Psychologists tell us that “fluid intelligence” — the power of speed, abstraction, and logic — peaks at 20. “Fluid intelligence” will strike most Dylan fans as an apt description of the flashing currents, spiralling eddies and surreal gushes of association that characterise his best songs.
“Fluid intelligence” is also the hydraulic force that drives the great breakthroughs in physics and mathematics. Most of the pre-eminent geniuses of 20th-century physics started young: Werner Heisenberg, Niels Bohr and Paul Dirac were 23, 28 and 26 respectively when they made their world-historical achievements in the discipline. “A person who has not made his great contribution to science before the age of 30 will never do so,” said Einstein in a phrase that haunts tardy PhD students. He published his own special theory of relativity at 26.
Ernest Rutherford left New Zealand in 1895 as a highly skilled 23-year-old who held three degrees from the University of New Zealand and had a reputation as an outstanding researcher and innovator working at the forefront of electrical technology. He chose to work with Professor J. J. Thomson of the University of Cambridge's Cavendish Laboratory.
In 1911 Rutherford deduced from these results that almost all the mass of an atom – an object so small that it would take about a million of them side by side to cross a full stop on this page – is concentrated in a nucleus a thousand times smaller than the atom itself. The nuclear model of the atom had been born. The rest as they say is history, recently ignored it seems, by the American President during his inaugural gush.

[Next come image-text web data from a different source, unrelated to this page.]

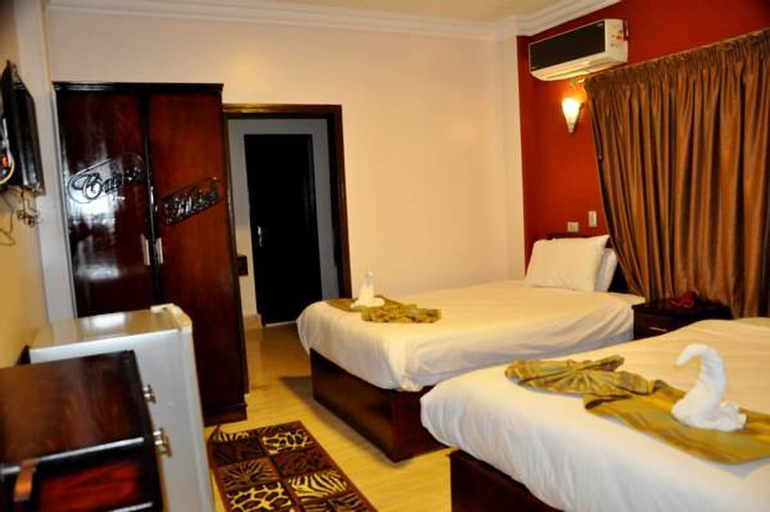 My Cairo Hotel, 'Abdin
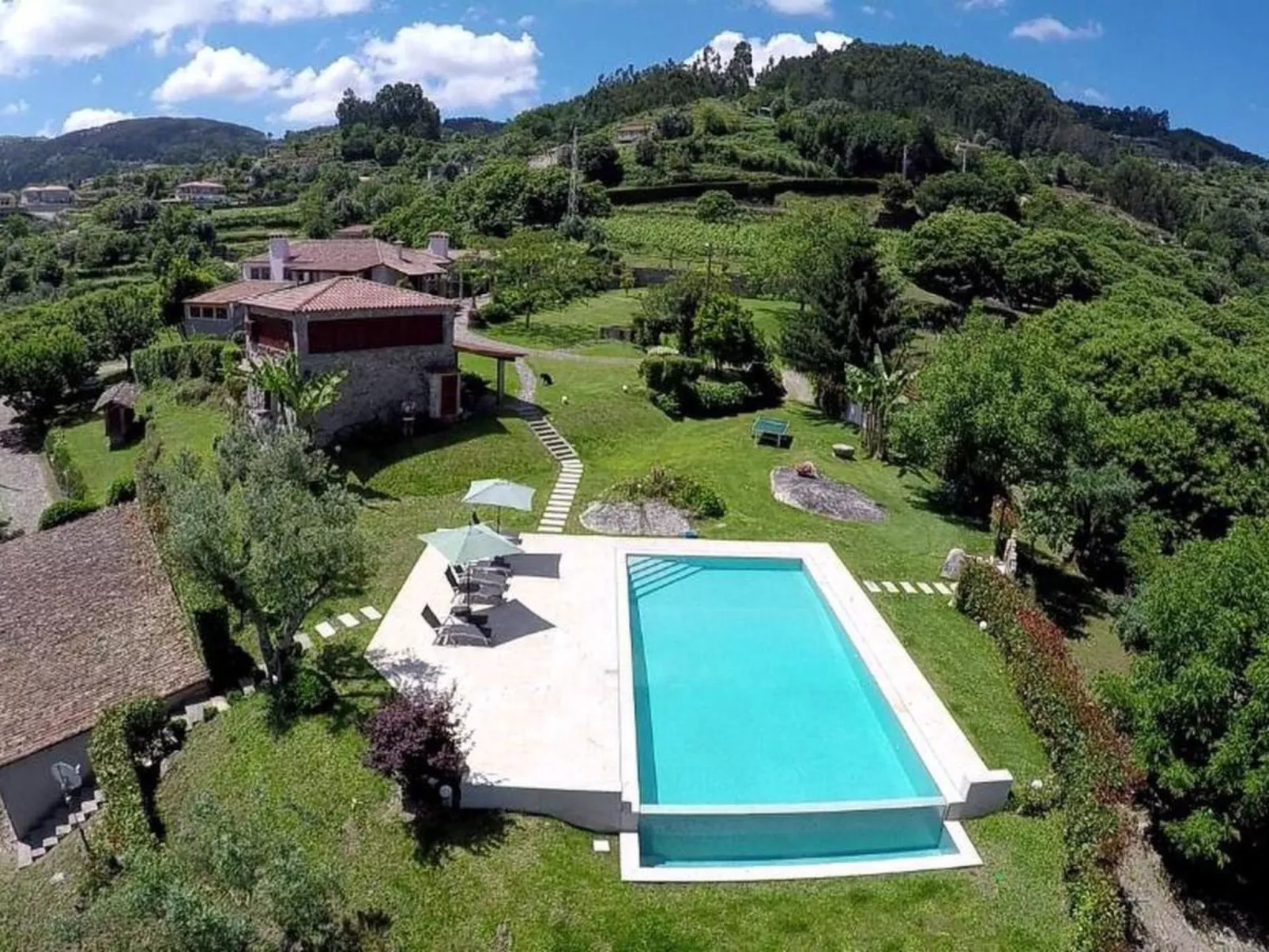 Fabelhafter Pool in einer atemberaubenden Landschaft-Buiten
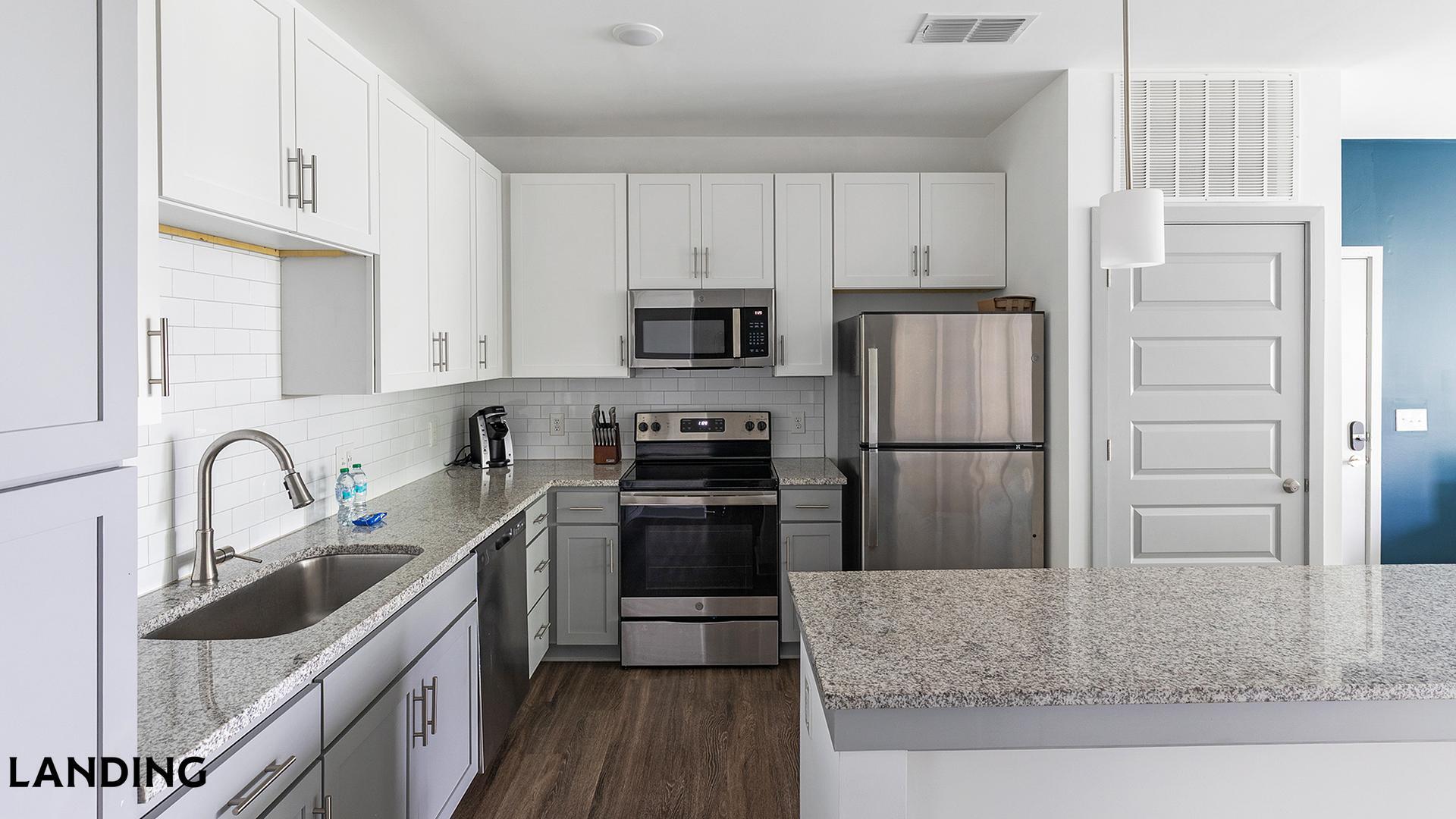 Building Photo - 100 Wildwood Ct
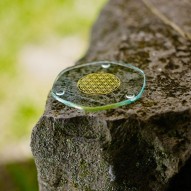 Posavasos con flor de la vida en oro 24K Nature's Design sobre una roca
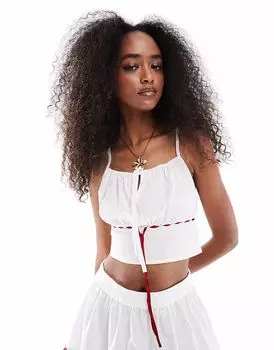 Топ с лямками от Wednesday's Girl в белом и красном цветах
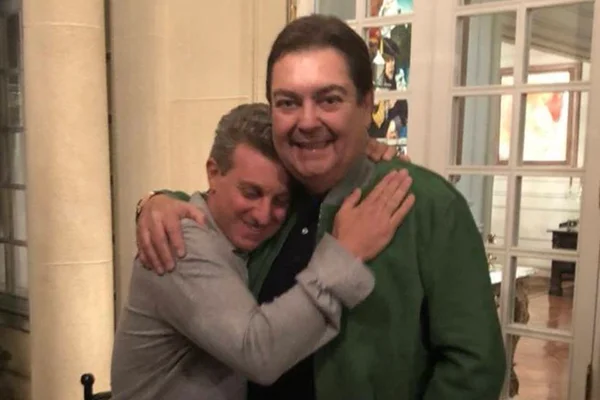 Pelas redes, Luciano Huck deseja sorte para estreia de Faustão na Band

This is not to suggest that poetry, algebra, science and song die in middle age (look at the late careers of Thomas Hardy or Leonard Cohen or Rutherford). “Crystallised intelligence” — the accumulation of knowledge, facts and skills — grows throughout life.
Novelists, whose work requires wisdom and stamina, tend to peak later than poets. We have two of those, at least, amongst us, the poet Adams and the author Goodwin. Great visual artists often make their most profound statements deep in old age: Michelangelo, Titian, Rembrandt, Monet, Goya, me.
But youthful genius has a special, anarchic power that our society is not currently good at harnessing. If the 1960s worshipped youth, the 2020s treats it with smothering condescension. The first decade of adulthood should be one of electric inspiration and liberating learning but it has bafflingly been recast as one of dull professional education, gouging university debt, infantilising internships, dependence on the bank of mum and dad and interweb ruts created by the influencers of social media and a cult of attraction rather than truth exploited by unruly informetric robber barons.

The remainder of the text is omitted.